WASHINGTON -- U.S. companies added jobs in March for the first time in eight months, fresh evidence the economy is on the road to recovery even though the unemployment rate edged up to 5.7 percent.
The Labor Department reported Friday that payrolls grew by 58,000 during the month, a welcome sign after companies had slashed hundreds of thousands of positions as they tried to cope with the recession and the jolt of the Sept. 11 terror attacks.
"The economy and the job market have turned the corner from recession to recovery," said Mark Zandi, chief economist at Economy.com.
After having lost nearly a fifth of their work force since September 2000, temporary help firms added 69,000 jobs in March, the second straight month employment grew.
Economists viewed that as a particularly encouraging sign for job growth in general in the months ahead. Companies often hire temporary workers before they hire new full-time workers or rehire laid-off workers, they said.
Employment in the services sector went up by 118,000 last month, the largest gain in a year and a half.
Though factories, hardest hit by the slump, continued to shed jobs in March, losses during the month totaled just 38,000, the smallest cut since December 2000.
Manufacturing on mend
The average weekly hours worked in manufacturing grew in March to 41.1 hours from 40.7 hours -- "a clear sign that manufacturing is on the mend and orders are picking up," said National Association of Manufacturers President Jerry Jasinowski. Economists said the pickup in weekly hours bodes well for some job growth at factories in the coming months.

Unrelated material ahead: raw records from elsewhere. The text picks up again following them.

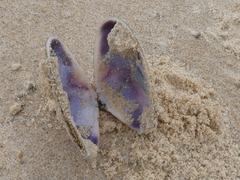 Latona deltoides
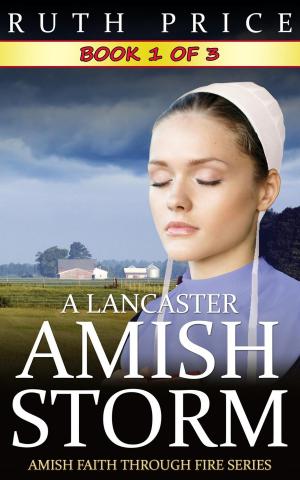 Cover of the book A Lancaster Amish Storm - Book 1 by Kiera Zane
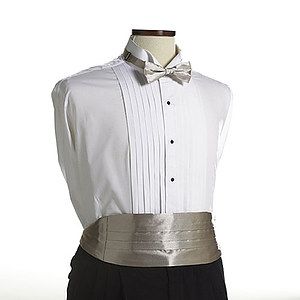 Champagne Beige Cummerbund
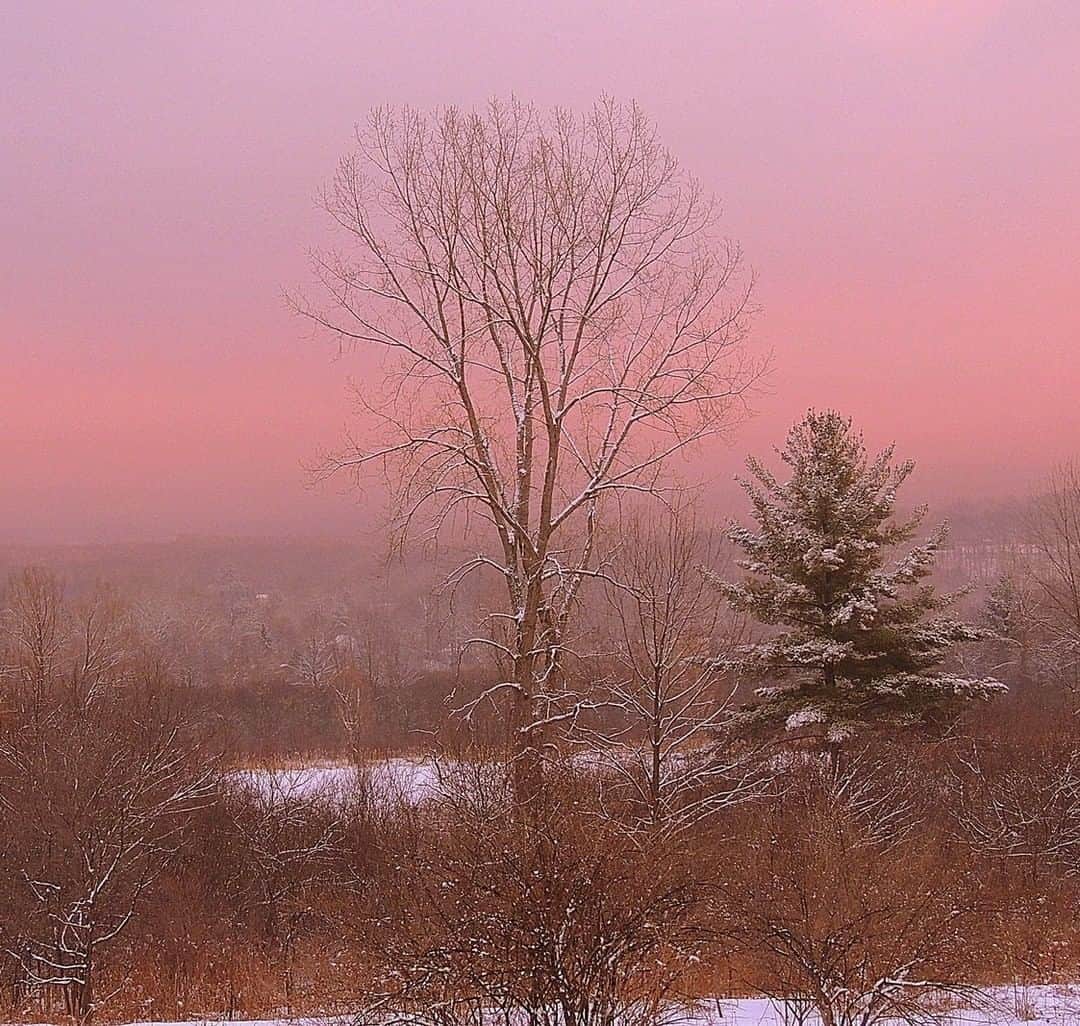 のインスタグラム：「May your holiday be merry and bright! ✨✨✨✨✨✨✨✨✨✨ From Oboz Ambassador @back.road.ramblers, "Now that the solstice is behind us, we can look forward to longer days and later sunset adventures through snowy fields. Taken in the Walloomsac Headwaters Park in Bennington, Vermont." . 📷: @back.road.ramblers . . . #truetothetrail #wintersolstice #obozambassador #gratitude #leadtheway #winter」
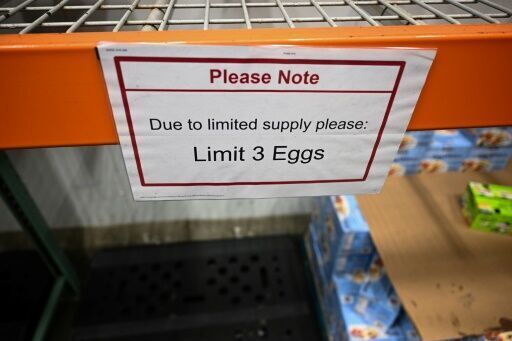 Facing egg shortage, Americans bring chickens home to roost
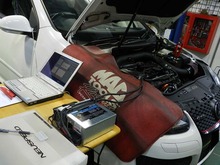 DSCN6196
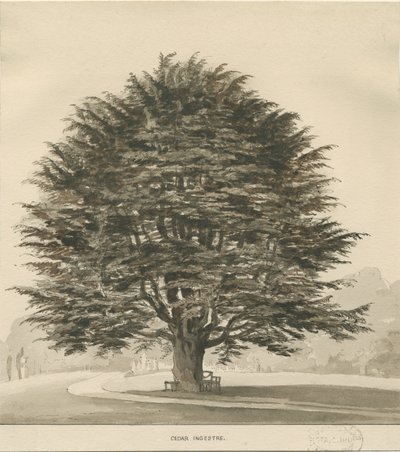 Ingestre - Zedernbaum von Thomas Peploe Wood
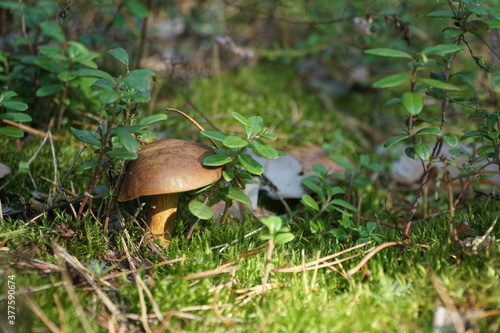 Wild mushroom (bay bolete) growing in natural forest in autumn among the green moss and the lingonberry in sunny day. Closeup. Selective focus.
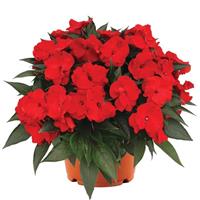 Roller Coaster Whirl Dark Red New Guinea Impatiens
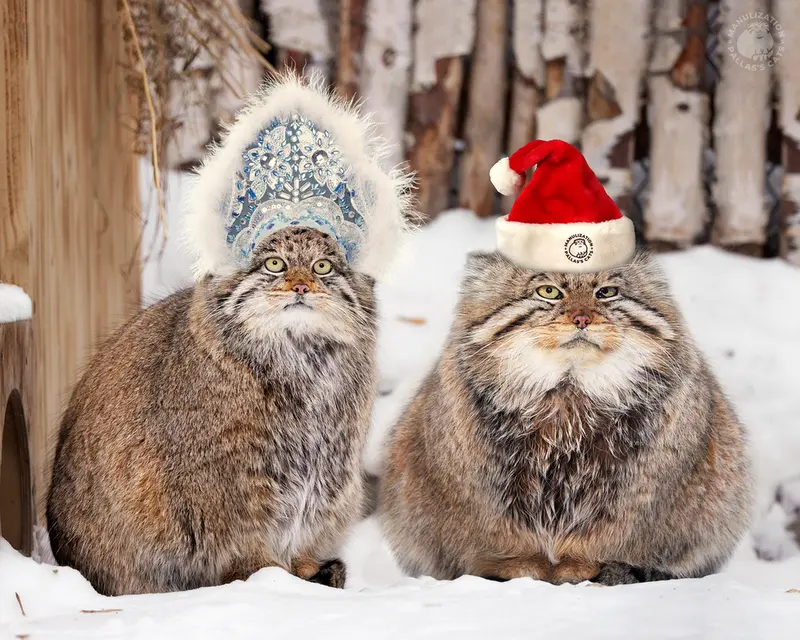 ノヴォシビルスク動物園のゼレノゴルスクとミアの写真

On Wall Street, blue-chip stocks moved higher. The Dow Jones industrial average closed up 36.47 points at 10,271.64.
Even though economists are optimistic that the nation's payrolls will continue to grow, many still foresee a rise in the nation's unemployment rate. That's because they don't think job growth will be strong enough to take care of an expected increase of people entering the labor force.
Economists predict the jobless rate will peak at 6 percent by June, reflecting their belief companies will be reluctant to quickly hire back laid-off workers until profits recover and executives are convinced the recovery is here to stay.